New Zealand should abolish MMP, scrap Maori seats and the Maori roll, have only 79 FPP MPs, and establish an upper House, according to an Australian-based think tank.
The most controversial proposal by pro-free market economy Centre for Independent Studies was the abolition of the Maori role and Maori seats.
Researchers Luke Malpass and Dr Oliver Marc Hartwich, a German lawyer and economist, said the idea of race-based electorate seats in a modern liberal democracy seemed “anachronistic.”
In a report out today they said no systemic bias existed against Maori in the electoral system preventing them from entering parliament.
They said Maori representation, measured by seats in Parliament held by those who considered themselves Maori, exceeded the percentage of the population which considered themselves Maori.
In a modern New Zealand, there were few convincing arguments for retaining Maori seats despite their historical role in parliamentary representation.
They said New Zealanders needed to seize the opportunity of the upcoming MMP referendum on electoral reform to “reinvent” their system of government.
The report claimed MMP had failed to live up to its promises.
It claimed MMP had not made politics more transparent, more straightforward or more representative.
Mr Malpass said it was time to replace MMP with a system that worked.
Their report recommended Parliament should shrink to 79 MPs elected under first past the post, Maori seats and the Maori roll should be wound up and an upper house of 31 senators be elected on a proportional basis.
According to Messrs Malpass and Hartwich, a new senate would provide a check on power and allow the interests of smaller parties to be represented.
Commenting on MMP being based on the Germany, Dr Hartwich said Germany’s electoral system might be an interesting case study for political scientists but it was not “a panacea for other countries’ political problems.”
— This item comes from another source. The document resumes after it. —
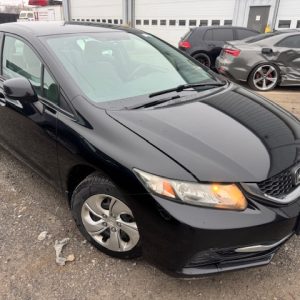 2013 HONDA CIVIC LX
They said the central design flaw of MMP was that it was undemocratic – voters voted for a party but after the election parties hammered out what the government should be.
The public was unsure about the role of list MPs and did not value them as highly as their directly elected colleagues.
Among the strange results produced by MMP, the researchers singled out the 2008 election, when MPs were re-elected to parliament and remained as representatives although they had been rejected by their own local voters;
• Former deputy prime minister Michael Cullen, who spent his time as finance minister as a list MP without ever getting the backing of his local voters;
• Former opposition leader Don Brash, who never attempted to stand in an election and convince an electorate to vote for him since the introduction of MMP;
• Former foreign affairs minister Winston Peters was not officially part of the government, he publicly opposed the New Zealand China free trade agreement but traveled to Beijing to sign the treaty as the government’s representative.